By Elizabeth Murphy
Tragically, it is not an unfamiliar story – refugees forced to flee a dire situation in their homeland for safety in Canada. Beginning in 1972, the president and military general of Uganda, Idi Amin, ordered the expulsion of all Ugandans of South Asian descent. Canada responded to the international humanitarian crisis and resettled nearly 8,000 refugees.
The Carleton MacOdrum Library’s Ugandan Asian Archive contains numerous personal stories from Ugandan Asian Canadians who recount their experiences of the expulsion and resettlement in Canada. The accompanying portrait series Building the Ugandan Asian Archive tells the story of the first major resettlement of non-European refugees to Canada and shares the experiences of those looking to preserve this important part of Canadian history.
In recognition of this stirring mix of photography and powerful storytelling, Carleton University will be receiving a Council of Advancement and Support in Education (CASE) Division II award for the portrait series. The project claimed the top spot in the Creativity on a Shoestring category competing with dozens of universities from across Ontario and the United States, including four Ivy League institutions.

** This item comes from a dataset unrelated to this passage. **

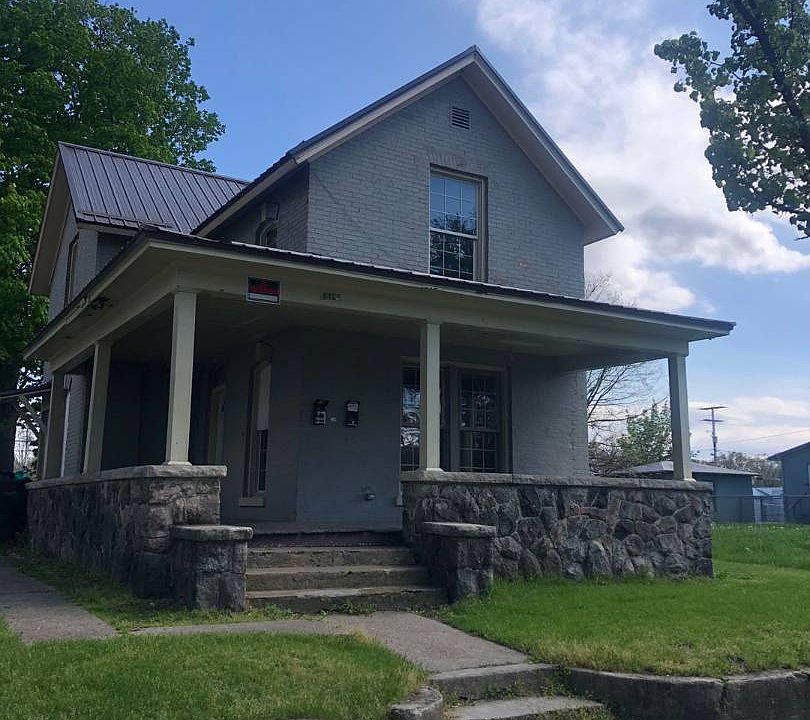 1st image of 517 W Marion St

Ugandan Asian Archive Documents First-Person Accounts
Building the Ugandan Asian Archive features first-person accounts from Senator Mobina Jaffer, Nizar Fakirani – who launched the archive’s fundraising campaign – as well Mike Molloy, an immigration official and former ambassador to Jordan who worked in the Kampala office at the time. The portraits were taken in Vancouver and Ottawa by photographers Ben Nelms and Jessica Deeks.
The project is especially close to the heart of Carleton’s Fateema Sayani, the portrait series project leader.
“My parents came to Canada via Uganda and I saw this project as an important piece of our nation’s past to document – not only for future researchers to access, but also for my children to know their story,” said Sayani. “In today’s world, it’s critical to remember Canada’s history of welcoming refugees and celebrating our diversity.”
Welcoming Refugees and Celebrating Diversity
The portrait series arose from a partnership between Carleton’s Archives and Research Collections and its online crowdfunding platform, FutureFunder.carleton.ca.
The Ugandan Asian archive comprises newspaper clippings, oral histories, video recordings and a memoir of the Canadian immigration team in 1972 Kampala. Through ongoing acquisition activities, new material continues to be added to the archive. It can be viewed in person at MacOdrum Library or online.
“This archive is an important collection that continues to grow as people come forth with their stories,” said Sayani.
The award will be presented at the upcoming CASE Division II conference taking place in Baltimore from Feb. 26 to Feb. 28, 2017.
The Ugandan Asian Archive project is an important part of the Collaborate Campaign, the most ambitious fundraising effort in Carleton’s history. On the eve of the school’s 75th anniversary, the project’s donors have helped to realize Carleton’s mandate to contribute to the greater good of society through higher education.